**What you are asked to do**
Please give back exactly the line with "J. Crew Canvas" and each line after it through the end of the material, leaving out the pictures.

**Given information**
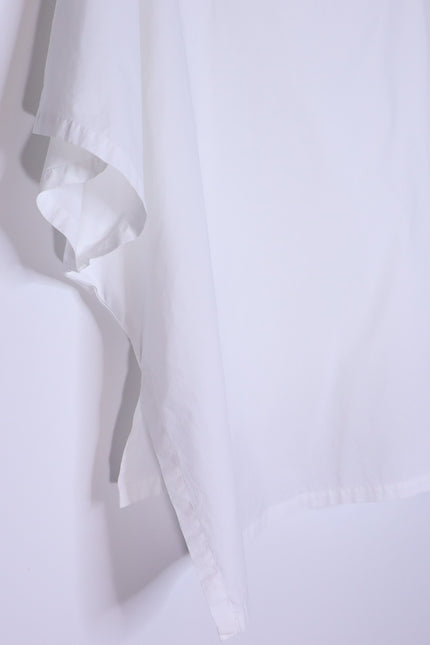 WJ MARTIN Boxy Hi-Lo Blouse White Cowl Neck Short Sleeve Women's 44/US 8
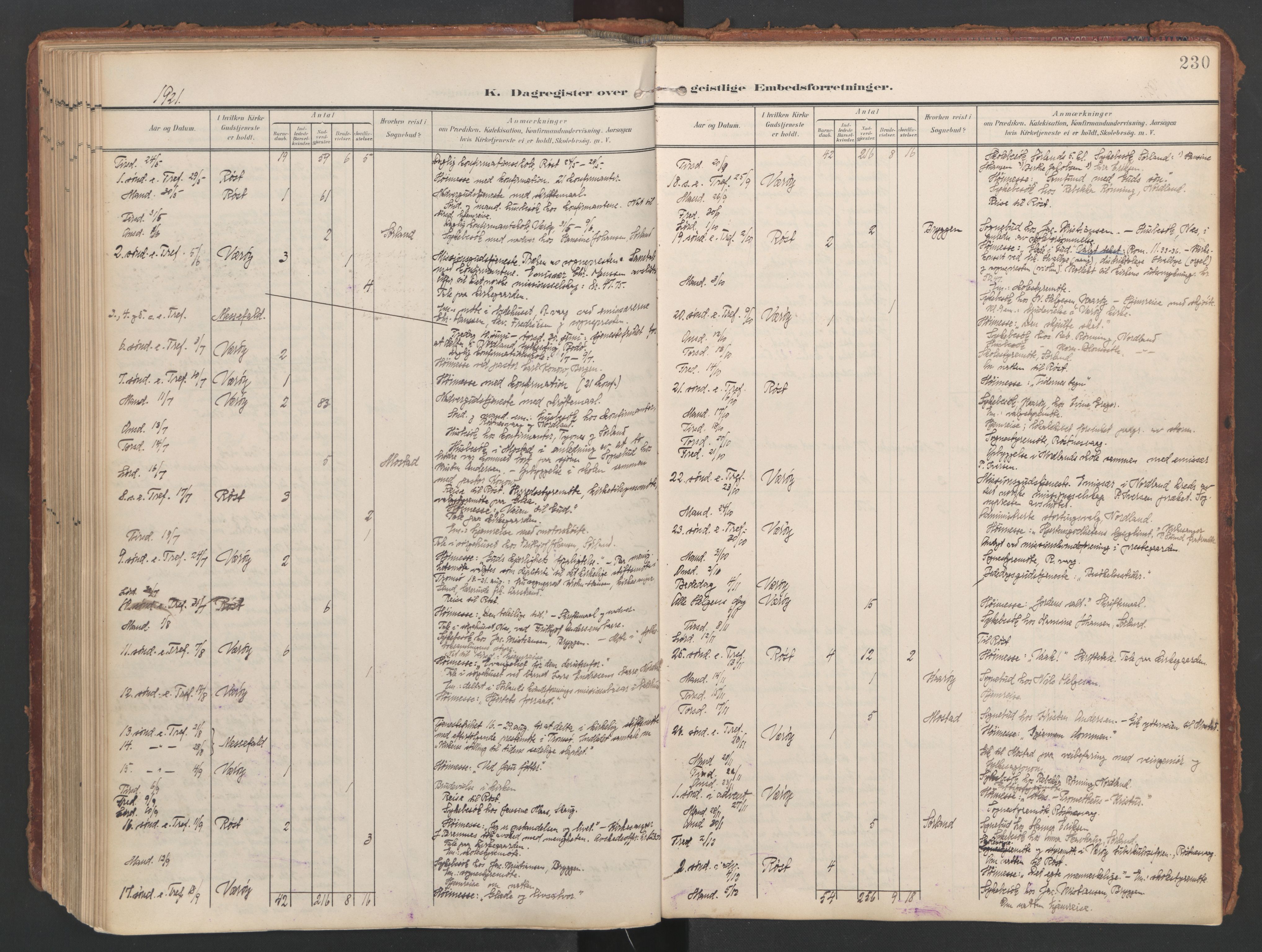 Ministerialprotokoller, klokkerbøker og fødselsregistre - Nordland, AV/SAT-A-1459/808/L0129: Parish register (official) no. 808A02, 1903-1931, p. 230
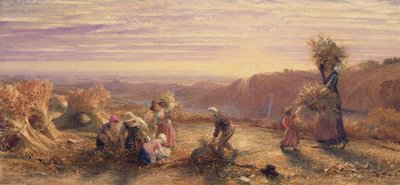 Sunset over the Gleaning Fields by Samuel Palmer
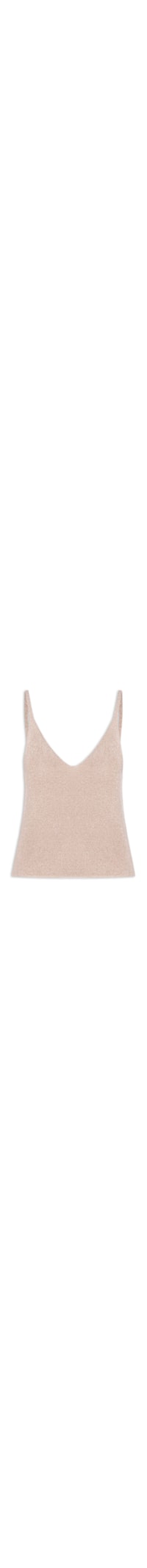 Regata Feminino de Tricot Lurex Decote V – Prata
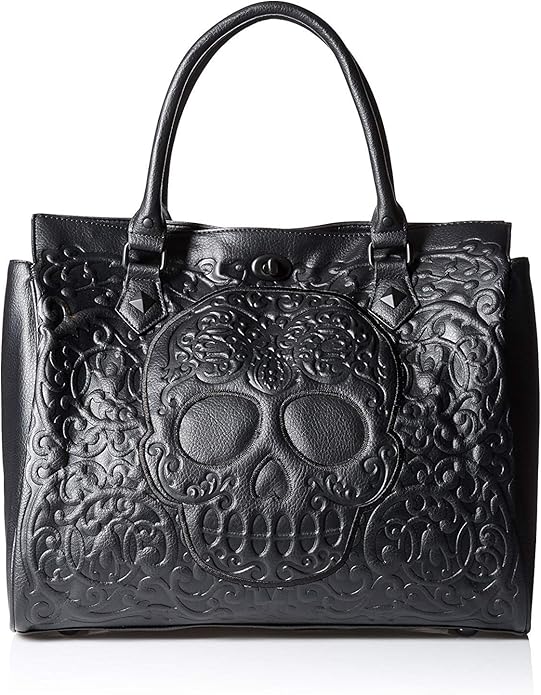 Lattice Skull Tote Shoulder Bag, Black, One Size - sugar skull handbags for sale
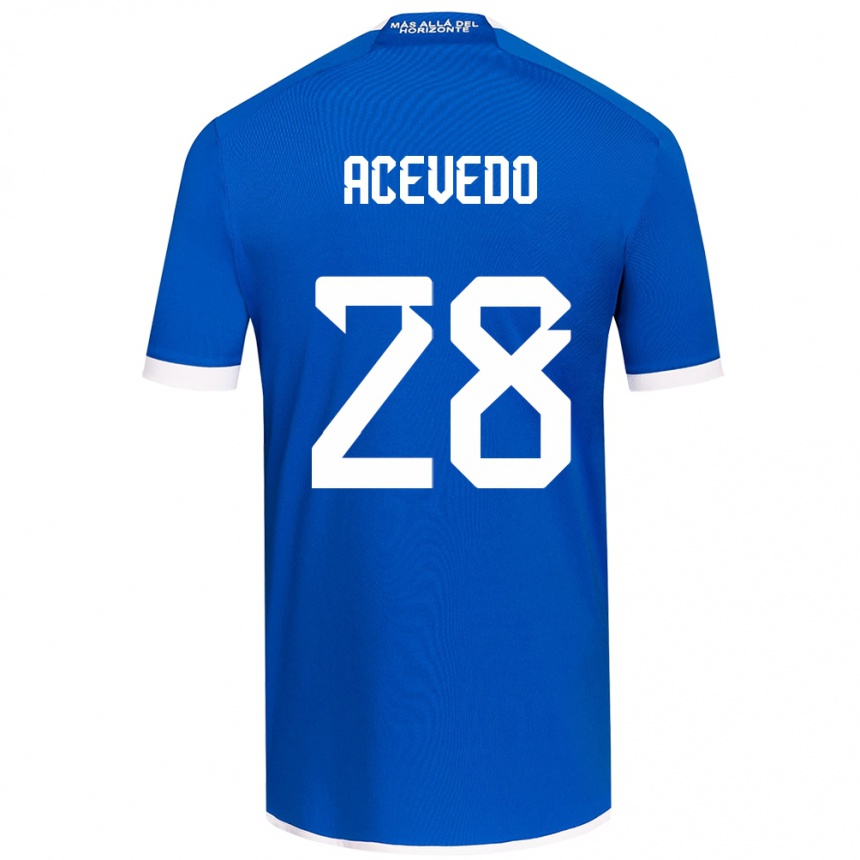 Női Labdarúgás Florencia Acevedo #28 Kék Fehér Hazai Jersey 2024/25 Mez Póló Ing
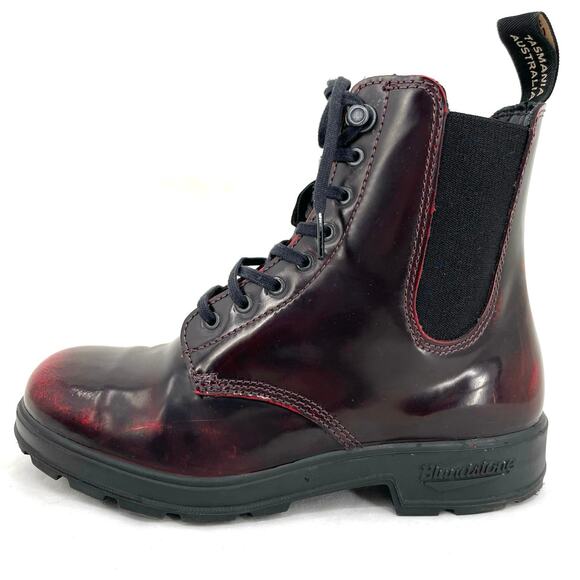 Blundstone 2220 Boots Bordeaux Brush Lace Up Chelsea Red Black Shoes Size AU 4.5 - Picture 3 of 13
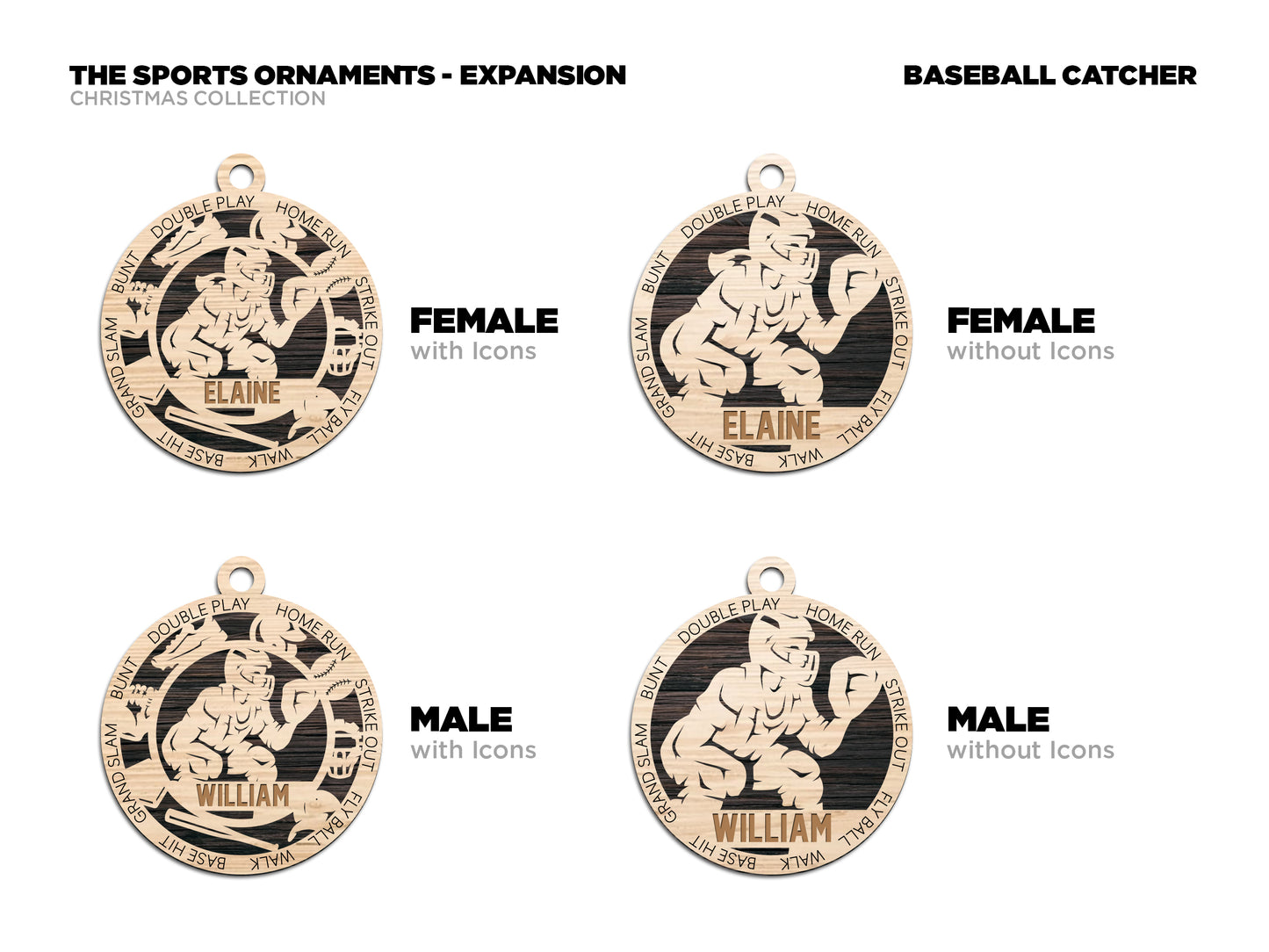 Baseball & Softball & Catcher - Sports Ornaments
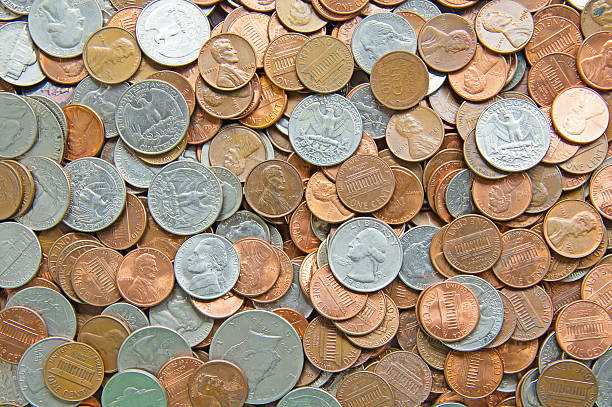 US Coins Huge pile of the US coins us coins stock pictures, royalty-free photos & images
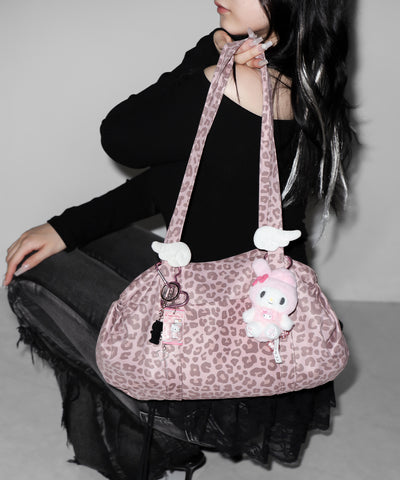 ヴィンテージライクピンクレオパードミニボストンショルダーバッグ　／ vintage like pink leopard mini boston shoulder bag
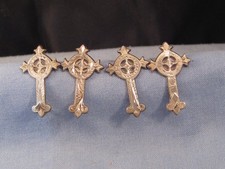 ANTIQUE SILVER RELIGIOUS CELTIC CROSS LEATHER CASE BIBLE BOOK BOX APPLIQUES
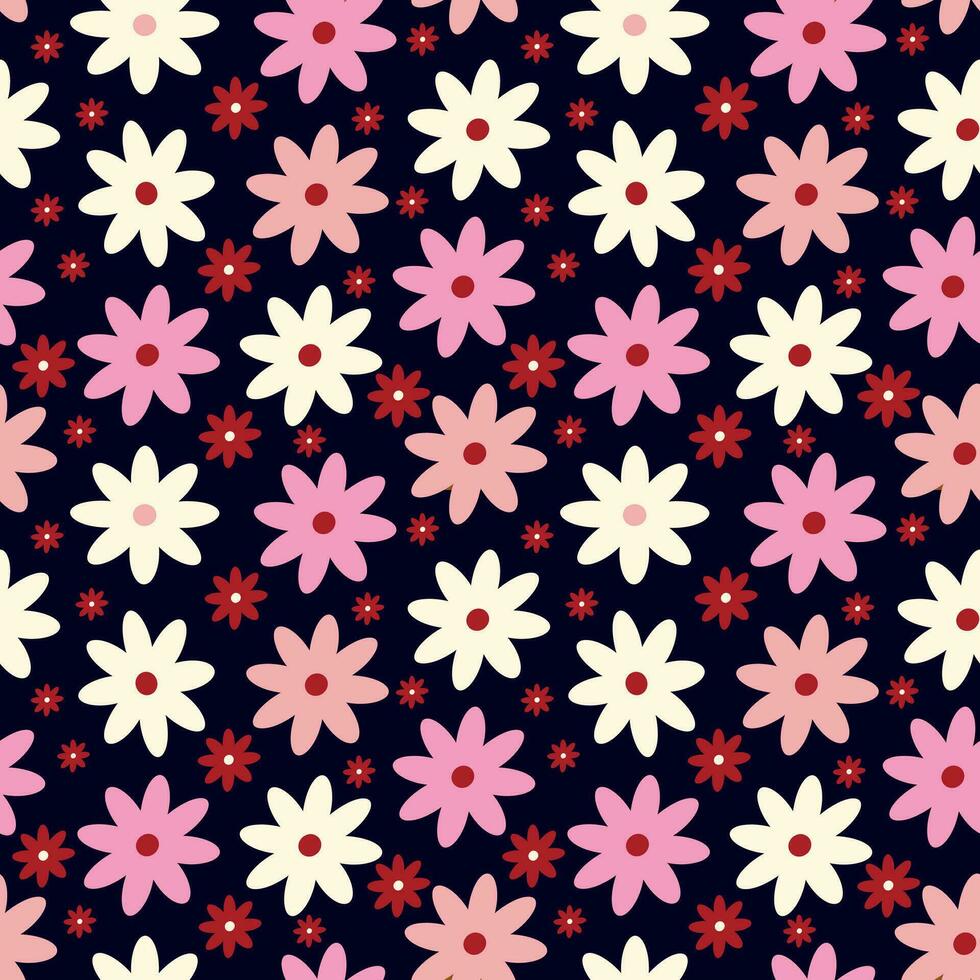 Bright vibrant quirky Retro floral pattern in 60s in multicolored juicy colors vector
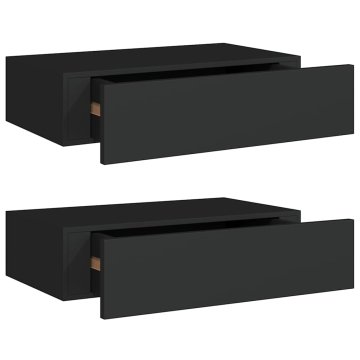 Vidaxl Stenska polica s predalom 2 kosa črna 40x23,5x10 cm mediapan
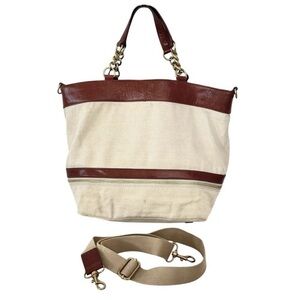 J. Crew Canvas and Leather Crossbody Tote Bag Expandable Two Way Carrying Straps
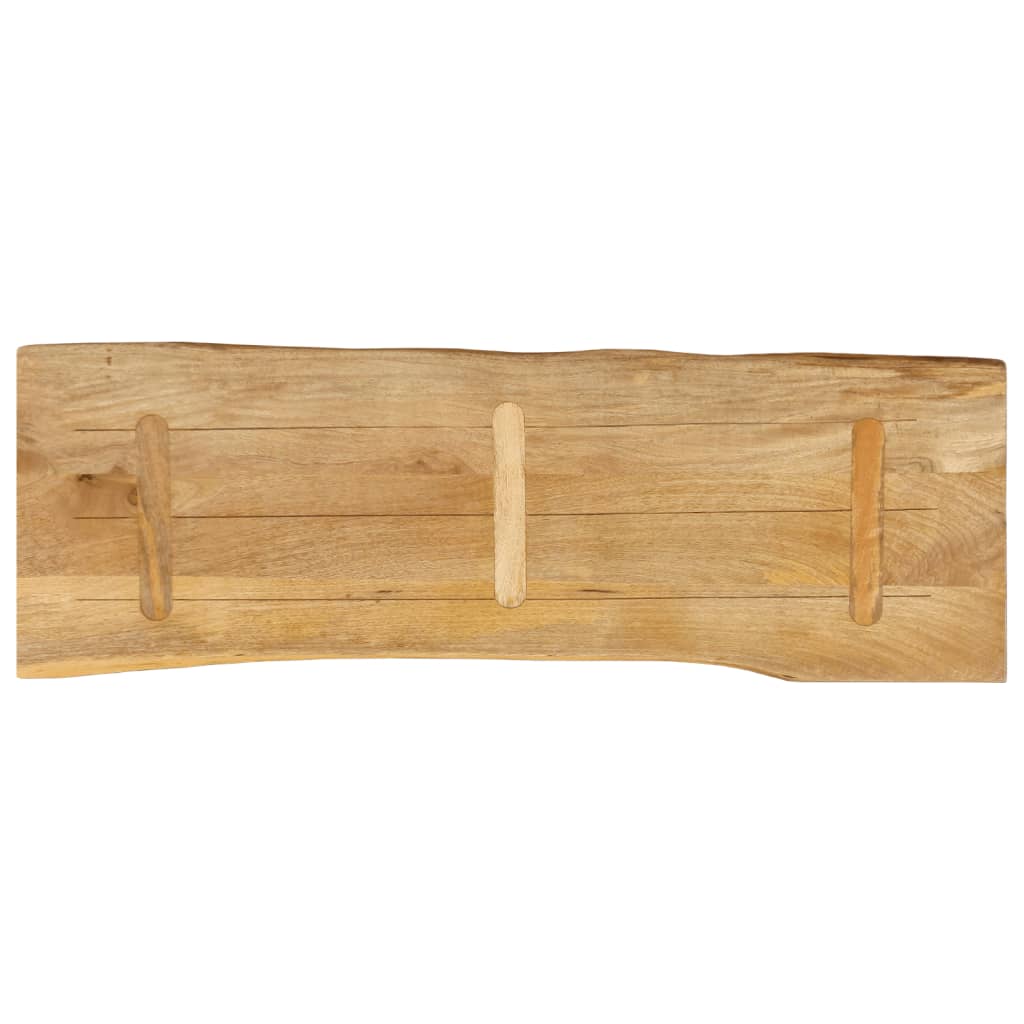 vidaXL Table Top 110x40x3.8 cm Live Edge Solid Wood Mango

**Answer box**
 J. Crew Canvas and Leather Crossbody Tote Bag Expandable Two Way Carrying Straps
 vidaXL Table Top 110x40x3.8 cm Live Edge Solid Wood Mango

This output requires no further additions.